Infrastructural privacy no longer imagines the confines of a single office, the factory floor or even the corporation. Like other infrastructural projects it imagines multiple distributed networks, connected by gateways that allow them to interoperate. It is a privacy mode that requires non-localised sovereignty of extra-state powers. The double autonomous nature of the CAV exemplifies this spread: first, it limits potential participation by non-whitelisted actors, be it police or rival corporations; then, it acts agnostically towards its drivers/riders, requiring nothing of them (i.e. licencing) as long as they subscribe to the standards and provide the necessary data. It is the Brattonian stack of global computation and not the individual car manufacturer that makes such a privacy mode possible.

Ultimately, infrastructural surveillance is also a conceptual framework to appraise statements made by technology manufacturers in response to privacy advocates: ‘that’s just the way it works’. It pinpoints a certain common-sense logic that enmeshes usability with traceability. Mobile phones triangulate users into spatial cells, because this is how it works. Social media platforms collect troves of personal information, because this is how it works. Google incorporates evermore services that extend into our physical world, because this is how it works.

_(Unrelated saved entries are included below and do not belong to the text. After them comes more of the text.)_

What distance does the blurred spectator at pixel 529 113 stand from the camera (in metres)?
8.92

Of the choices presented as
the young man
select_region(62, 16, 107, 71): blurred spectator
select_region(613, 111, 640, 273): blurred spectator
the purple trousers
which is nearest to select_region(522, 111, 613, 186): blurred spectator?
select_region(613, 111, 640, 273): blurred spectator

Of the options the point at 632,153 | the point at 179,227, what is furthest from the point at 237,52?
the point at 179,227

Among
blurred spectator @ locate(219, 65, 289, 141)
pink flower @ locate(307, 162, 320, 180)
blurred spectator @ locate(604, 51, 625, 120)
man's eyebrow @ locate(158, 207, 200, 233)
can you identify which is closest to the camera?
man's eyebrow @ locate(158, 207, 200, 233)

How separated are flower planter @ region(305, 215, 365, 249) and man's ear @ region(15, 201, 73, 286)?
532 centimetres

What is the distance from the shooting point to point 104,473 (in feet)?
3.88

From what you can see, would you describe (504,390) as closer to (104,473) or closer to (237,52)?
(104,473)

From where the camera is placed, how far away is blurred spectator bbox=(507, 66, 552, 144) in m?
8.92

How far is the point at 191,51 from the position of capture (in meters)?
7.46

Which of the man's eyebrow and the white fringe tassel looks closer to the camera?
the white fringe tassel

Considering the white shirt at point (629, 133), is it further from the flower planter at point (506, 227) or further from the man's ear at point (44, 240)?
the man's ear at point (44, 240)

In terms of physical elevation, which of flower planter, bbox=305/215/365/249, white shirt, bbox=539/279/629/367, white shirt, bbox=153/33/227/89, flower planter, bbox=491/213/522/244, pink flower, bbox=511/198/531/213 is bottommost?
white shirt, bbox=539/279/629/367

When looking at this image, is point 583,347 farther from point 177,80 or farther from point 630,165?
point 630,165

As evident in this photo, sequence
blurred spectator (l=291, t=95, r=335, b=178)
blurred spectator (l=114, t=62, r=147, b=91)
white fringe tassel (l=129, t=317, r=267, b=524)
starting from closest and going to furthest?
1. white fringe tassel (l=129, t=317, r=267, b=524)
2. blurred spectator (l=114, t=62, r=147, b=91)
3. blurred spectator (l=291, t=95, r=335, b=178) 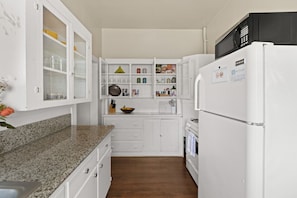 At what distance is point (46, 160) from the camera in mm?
1271

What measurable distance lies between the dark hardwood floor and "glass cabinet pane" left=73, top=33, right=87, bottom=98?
55.2 inches

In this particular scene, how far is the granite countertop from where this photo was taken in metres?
1.00

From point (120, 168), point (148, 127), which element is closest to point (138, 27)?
point (148, 127)

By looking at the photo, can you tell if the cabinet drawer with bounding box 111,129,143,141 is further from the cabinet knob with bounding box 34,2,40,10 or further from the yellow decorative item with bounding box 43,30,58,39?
the cabinet knob with bounding box 34,2,40,10

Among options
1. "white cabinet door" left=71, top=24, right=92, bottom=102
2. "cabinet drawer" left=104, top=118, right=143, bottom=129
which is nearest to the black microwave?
"white cabinet door" left=71, top=24, right=92, bottom=102

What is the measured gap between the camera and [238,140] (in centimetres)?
127

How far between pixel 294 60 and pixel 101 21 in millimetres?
3835

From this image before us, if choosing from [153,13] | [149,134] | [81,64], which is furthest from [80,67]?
[149,134]

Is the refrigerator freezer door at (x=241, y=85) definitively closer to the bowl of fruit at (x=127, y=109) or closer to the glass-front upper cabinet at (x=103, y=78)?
the glass-front upper cabinet at (x=103, y=78)

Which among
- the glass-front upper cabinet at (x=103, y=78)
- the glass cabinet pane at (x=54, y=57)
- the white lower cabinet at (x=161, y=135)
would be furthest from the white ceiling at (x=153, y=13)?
the white lower cabinet at (x=161, y=135)

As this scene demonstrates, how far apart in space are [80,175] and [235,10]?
3.10 metres

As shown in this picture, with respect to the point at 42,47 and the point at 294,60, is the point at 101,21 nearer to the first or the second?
the point at 42,47

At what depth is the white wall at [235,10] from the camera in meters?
2.19

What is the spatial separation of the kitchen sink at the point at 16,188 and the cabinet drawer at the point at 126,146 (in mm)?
3352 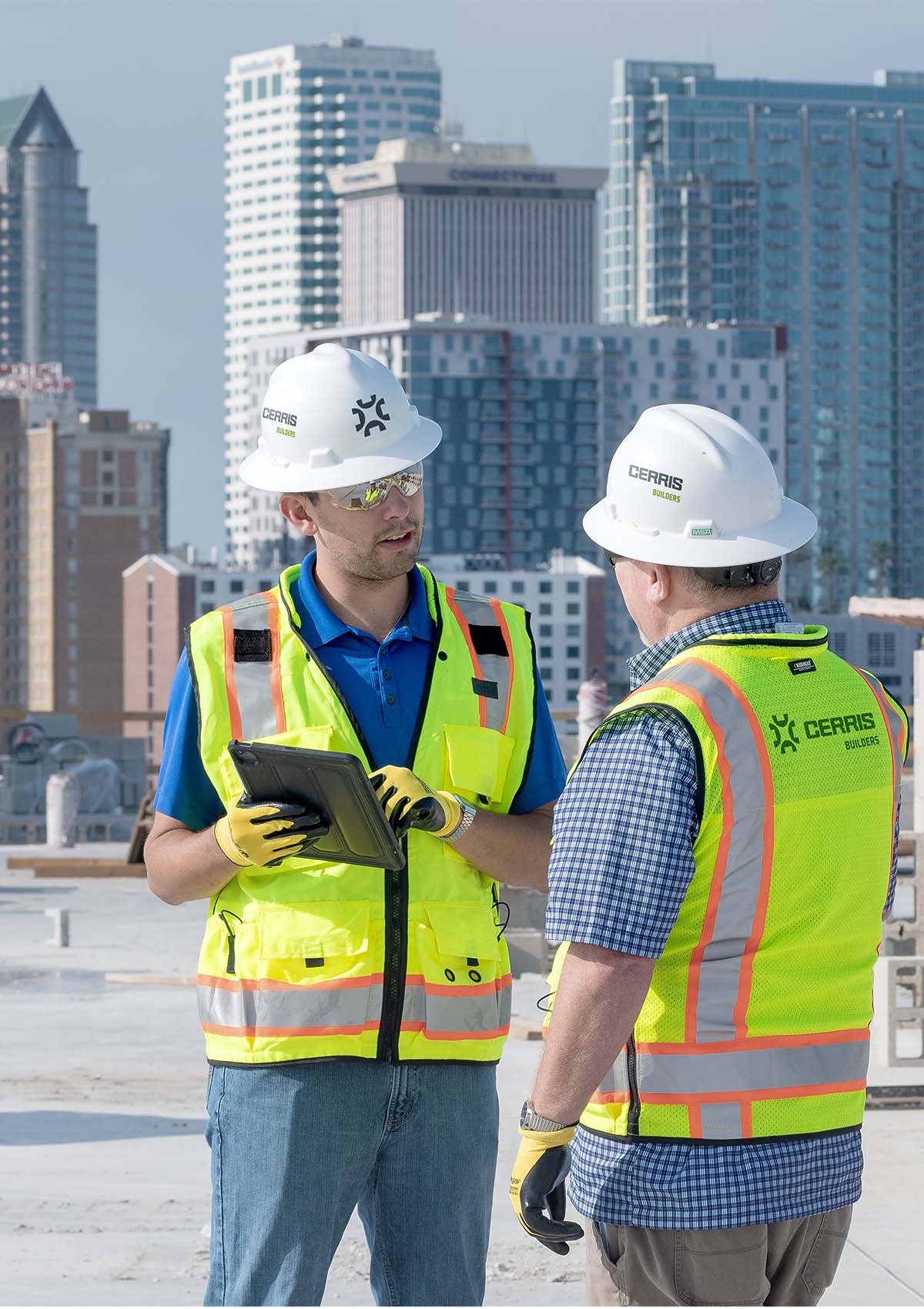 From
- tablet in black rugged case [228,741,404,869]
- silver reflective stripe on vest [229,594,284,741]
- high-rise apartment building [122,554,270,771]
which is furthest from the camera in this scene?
high-rise apartment building [122,554,270,771]

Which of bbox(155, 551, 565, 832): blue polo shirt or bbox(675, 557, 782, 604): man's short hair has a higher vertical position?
bbox(675, 557, 782, 604): man's short hair

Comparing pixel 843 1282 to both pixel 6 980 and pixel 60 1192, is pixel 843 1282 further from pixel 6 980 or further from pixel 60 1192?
pixel 6 980

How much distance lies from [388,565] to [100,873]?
19.1m

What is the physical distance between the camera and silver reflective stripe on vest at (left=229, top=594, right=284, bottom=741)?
369 centimetres

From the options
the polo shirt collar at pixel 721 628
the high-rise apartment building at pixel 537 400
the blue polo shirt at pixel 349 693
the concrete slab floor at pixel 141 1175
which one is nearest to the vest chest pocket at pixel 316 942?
the blue polo shirt at pixel 349 693

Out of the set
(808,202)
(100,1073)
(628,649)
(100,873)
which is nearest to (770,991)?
(100,1073)

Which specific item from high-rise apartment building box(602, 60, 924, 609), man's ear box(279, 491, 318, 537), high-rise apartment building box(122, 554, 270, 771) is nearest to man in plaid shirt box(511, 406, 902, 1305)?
man's ear box(279, 491, 318, 537)

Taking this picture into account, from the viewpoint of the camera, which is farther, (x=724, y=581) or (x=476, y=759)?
(x=476, y=759)

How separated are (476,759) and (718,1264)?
0.99 m

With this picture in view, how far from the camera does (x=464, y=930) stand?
3.64m

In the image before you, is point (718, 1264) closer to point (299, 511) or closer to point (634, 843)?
point (634, 843)

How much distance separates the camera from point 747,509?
337 centimetres

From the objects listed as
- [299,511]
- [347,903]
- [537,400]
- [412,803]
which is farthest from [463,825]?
[537,400]

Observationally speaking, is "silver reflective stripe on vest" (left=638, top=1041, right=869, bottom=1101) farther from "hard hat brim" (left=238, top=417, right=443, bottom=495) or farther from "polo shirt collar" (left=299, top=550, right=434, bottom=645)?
"hard hat brim" (left=238, top=417, right=443, bottom=495) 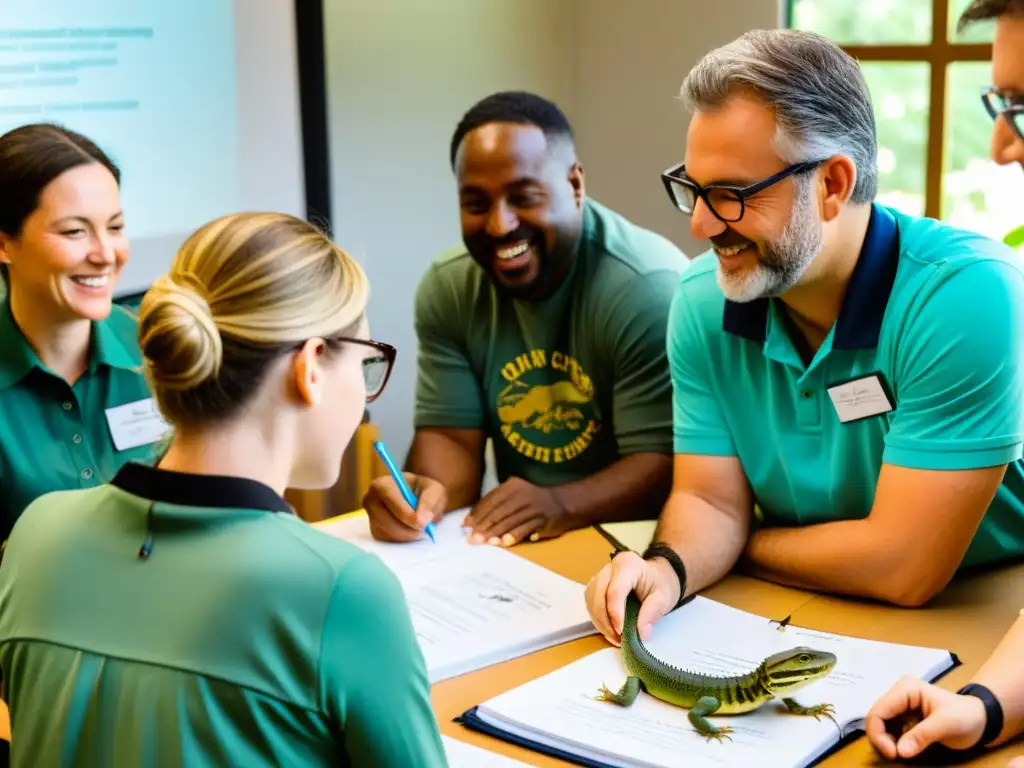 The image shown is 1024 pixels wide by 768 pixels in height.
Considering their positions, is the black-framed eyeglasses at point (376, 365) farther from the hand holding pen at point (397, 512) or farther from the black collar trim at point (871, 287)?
the black collar trim at point (871, 287)

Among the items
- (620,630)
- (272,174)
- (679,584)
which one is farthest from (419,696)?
(272,174)

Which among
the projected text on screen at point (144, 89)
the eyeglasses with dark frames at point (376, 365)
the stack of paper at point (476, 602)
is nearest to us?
the eyeglasses with dark frames at point (376, 365)

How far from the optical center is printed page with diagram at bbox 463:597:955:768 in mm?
1251

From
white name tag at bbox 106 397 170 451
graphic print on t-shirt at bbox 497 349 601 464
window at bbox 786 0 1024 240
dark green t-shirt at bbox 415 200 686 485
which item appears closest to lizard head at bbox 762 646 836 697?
dark green t-shirt at bbox 415 200 686 485

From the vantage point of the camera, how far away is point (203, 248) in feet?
3.57

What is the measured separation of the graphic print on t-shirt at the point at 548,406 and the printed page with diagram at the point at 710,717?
774 mm

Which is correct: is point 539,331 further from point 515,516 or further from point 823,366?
point 823,366

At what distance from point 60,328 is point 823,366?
1269 mm

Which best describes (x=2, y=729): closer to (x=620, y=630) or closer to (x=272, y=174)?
(x=620, y=630)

Following this deterministic logic, one can criticise the usage of a certain media component but find it difficult to reject the operational essence of it.

Our framework unpacks these claims and their exact privacy ramifications by drawing on critical platforms and infrastructure studies. It affords us to be sceptical towards CAVs’ – or other technologies’ – value propositions, questioning this common-sense logic. If (when) CAVs begin to deliver the desired levels of safety, convenience and emissions in return for a growing reliance on sensor and behavioural data, their underlying proposition will be, you must play by our rules or not play at all. We must be ready to challenge this totalising claim and decouple the operation of digital technologies from its imposition on privacy and, by extension, civil liberties.